* PROBLEM STATEMENT: Print the whole listing below exactly, skipping every picture.

Segment Start: DATA EXTRACT

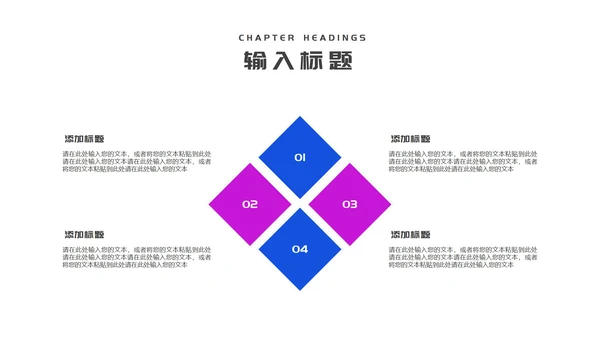 蓝色简约风化学专业毕业答辩论文校园PPT模板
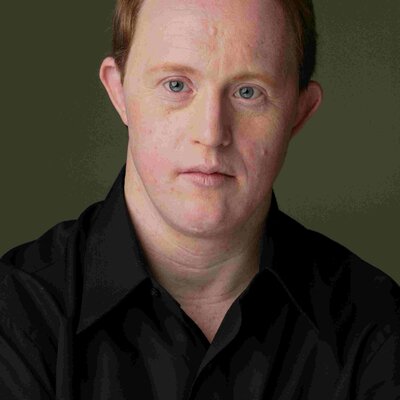 Portrait of Chris Burke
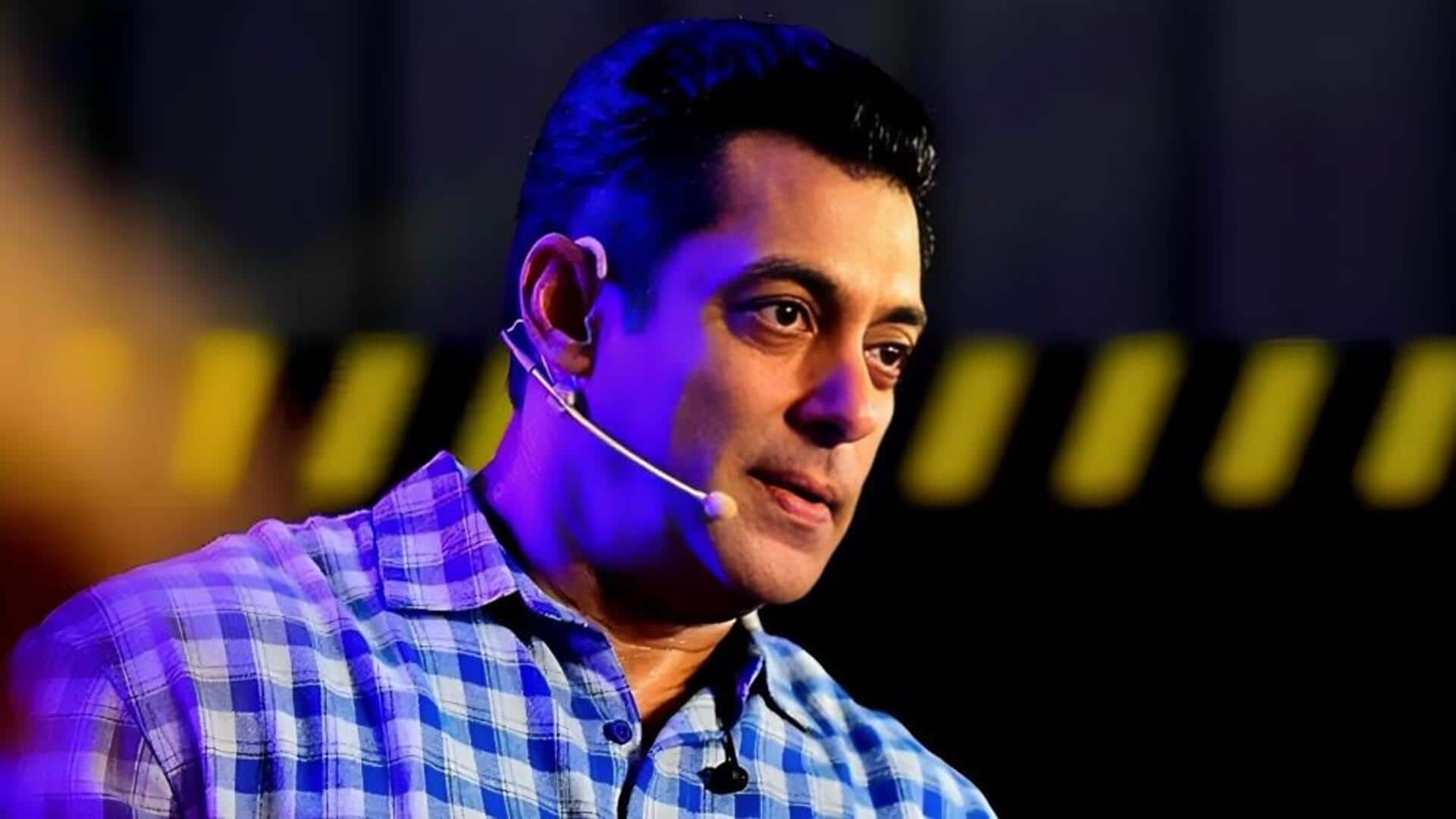 सलमान खान को खलता है अकेलापन? बोले- मैं इसी हाल में खुश, पर बच्चे जरूर होंगे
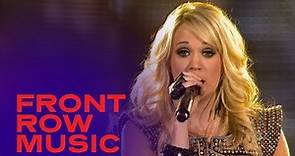 Carrie Underwood Performs Before He Cheats | The Blown Away Tour: LIVE | Front Row Music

Segment End: DATA EXTRACT

* EXERCISE SOLUTION:
 蓝色简约风化学专业毕业答辩论文校园PPT模板
 Portrait of Chris Burke
 सलमान खान को खलता है अकेलापन? बोले- मैं इसी हाल में खुश, पर बच्चे जरूर होंगे
 Carrie Underwood Performs Before He Cheats | The Blown Away Tour: LIVE | Front Row Music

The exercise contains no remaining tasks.